• **Stored data**
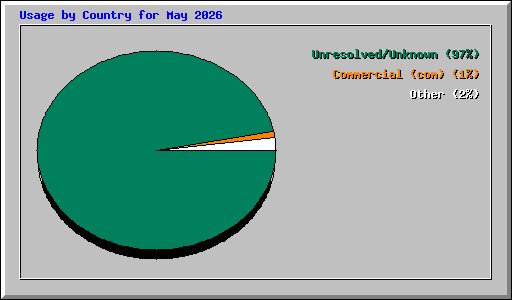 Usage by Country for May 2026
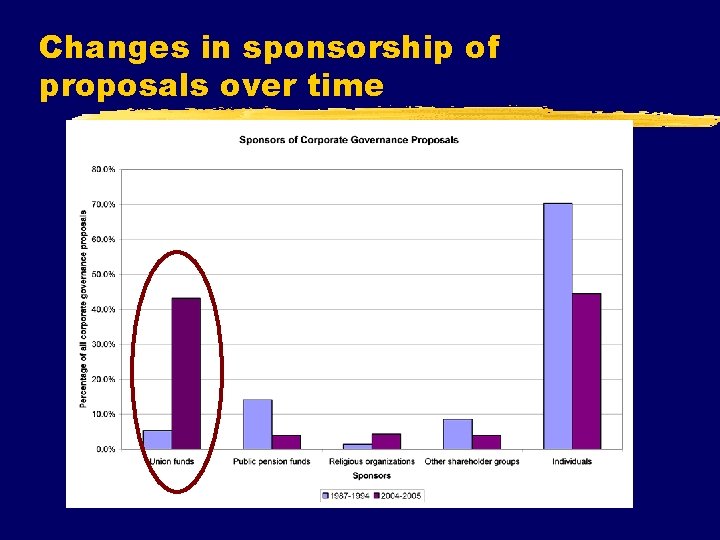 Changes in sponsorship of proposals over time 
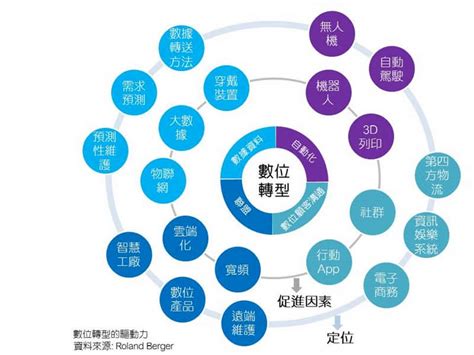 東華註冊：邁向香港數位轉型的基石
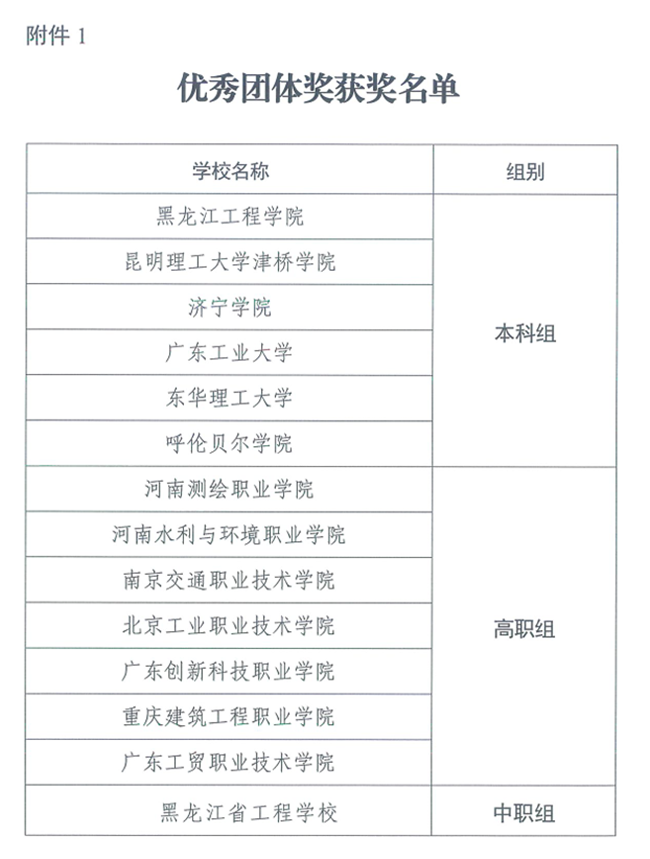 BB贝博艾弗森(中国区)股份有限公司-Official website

• **Work to complete**
Only the lines from the one with "東華註冊：邁向香港數位轉型的基石" through the end of the listing should be transcribed, exactly and without pictures.

• **Exercise output**
 東華註冊：邁向香港數位轉型的基石
 BB贝博艾弗森(中国区)股份有限公司-Official website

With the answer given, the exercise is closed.